Biological processes resulted in substantial changes in both pH and pCO2 in tide pools over the course of a single low tide: pH increased by ∼0.4 units and pCO2 decreased by ∼233 µatm in both control and +CO2 pools (Fig. 1; Table S4). The effects of our experimental CO2 additions on pH and pCO2 were masked by the dominant effects of primary producers on carbonate chemistry; there was no apparent difference in either the pH (t = 0.6, df = 9, P = 0.591; Fig. 1A) or the pCO2 (t = 0.3, df = 9, P = 0.777; Fig. 1B) of control versus +CO2 pools. Physical parameters –such as changes in temperature (R2 = 0.17, F1,8 = 1.6, P = 0.238) and light availability (R2 <0.01, F1,8 <0.1, P = 0.996)—had minimal effects, by themselves, on changes in tide pool pH.

Tide pool pH and pCO2 values measured over time.

Figure 1: Tide pool pH and pCO2 values measured over time.

Over 6 hr following isolation of pools by the receding tide, (A) pH increased by an average of 0.4 units (total scale) and (B) pCO2 declined by an average of ∼233 µatm. However, there were no differences in pH (P = 0.591) or pCO2 (P = 0.777) between control pools (with no CO2 added; red circles) and +CO2 pools (blue triangles). Values are means ±s.e.

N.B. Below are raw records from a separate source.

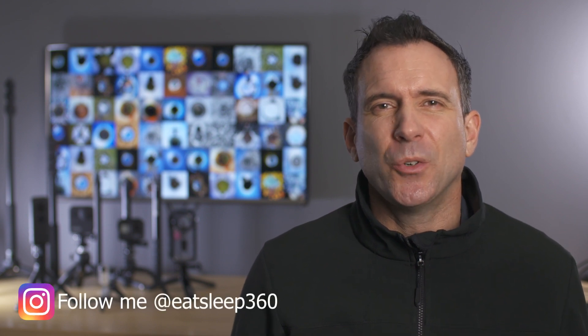My name's Rich and this video is part of my 360 Quick Tips series. In this video I'm going to show you how to recalibrate your gyro on your Insta360 One X camera. If your video images are drifting, your horizons are constantly not straight, or your bullet time video is all over the place, then there's a good chance that your gyro needs recalibrating on your One X.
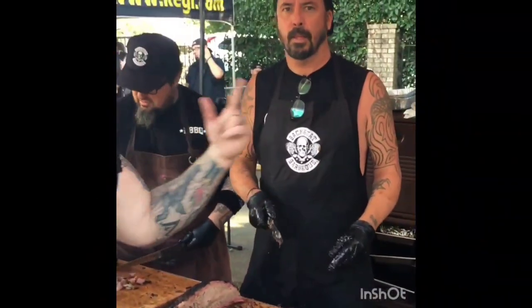Hey man, give it up with the East St. Chef right here. East St. Chef.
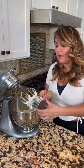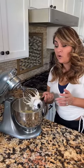Let's make lemon bars. We're gonna start with one cup of butter — that means two sticks — and half a cup of sugar, and you whisk. Once it's nice and fluffy you add the rest of the ingredients: one cup of flour, quarter cup of cornstarch, and salt.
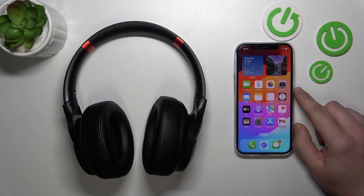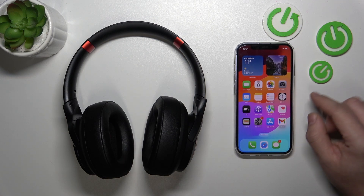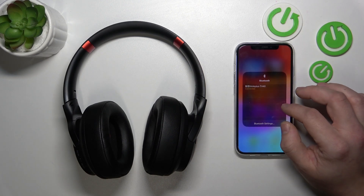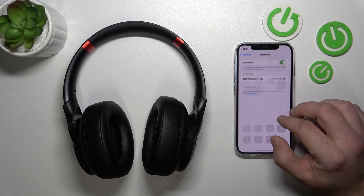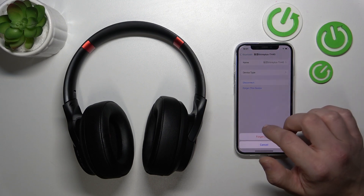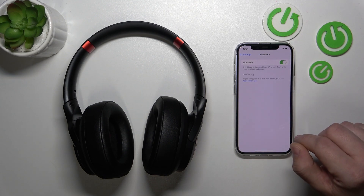To begin, make sure that your headphones are turned on and go to Bluetooth settings on your iPhone. Go to ThinkPlus TH40 settings and select disconnect or forget this device. Confirm and it's done.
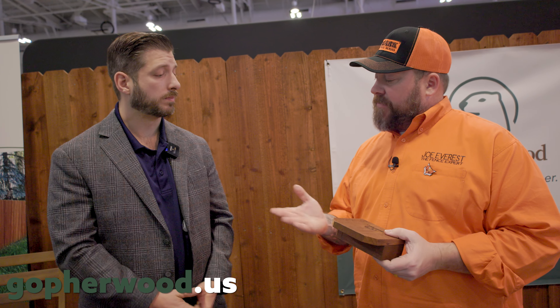Caleb, where do people learn more about Gopherwood? You can find it at gopherwood.us — you can see it on the banner. Find a dealer, find a contractor who's installing it. As a fencing contractor, I'm telling you — you should check out pre-stained lumber. If you install wood at all, it's an easy upsell. I particularly think you'll like Gopherwood.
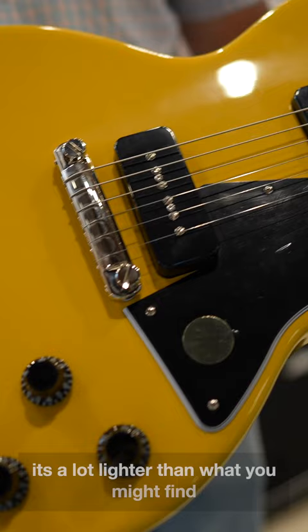Here we have a Gibson Les Paul Special. This is a really nice guitar for a number of different reasons. One, it's a lot lighter than what you might find with your typical Les Paul standard. So if you're looking for something a little bit lighter, that's cool.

Effects of CO2 additions on pH and pCO2 only became apparent after accounting for primary producer abundances in the tide pools (Fig. 2). As the abundance of macrophytes (seaweeds and surfgrass) increased, the negative effect of CO2 addition on pH was ameliorated (R2 = 0.45; F1,8 = 6.6, P = 0.033; Fig. 2A), indicating that macrophytes limited the reduction in pH associated with CO2 addition. The effect of CO2 addition on pH in the absence of non-calcifying macrophytes is represented by the y-intercept of this relationship (Fig. 2A), which indicates a reduction in pH of 0.07 (±0.03 s.e.) units hr−1 (t = 2.1, df = 9, P = 0.062). We compared this value to the change in pH predicted by our bucket calibration trials. In the absence of organisms, pH declined more rapidly as temperature (F1,21 = 20.1, P < 0.001) and yeast amount (F1,21 = 44.2, P < 0.001) increased. We used the parameter estimates from the multiple linear regression, the amount of yeast (0.7 g), and the ambient tide pool water temperature (17.7 °C) to predict the change in pH in the absence of organisms. We predicted a reduction in pH of 0.06 (±0.03 s.e.) units hr−1, which is similar to the observed rate in the absence of macrophytes (t = 0.2, df = 32, P = 0.845). Correspondingly, as macrophyte cover increased in tide pools, the effect of CO2 addition on pCO2 was reduced (R2 = 0.42; F1,8 = 6.0, P = 0.040; Fig. 2B). The y-intercept of this relationship (Fig. 2B) represents the effect of CO2 addition on pCO2 in the absence of non-calcifying macrophytes and indicates an increase of 81.22 (±33.80 s.e) µatm hr−1 (t = 2.4, df = 9, P = 0.041).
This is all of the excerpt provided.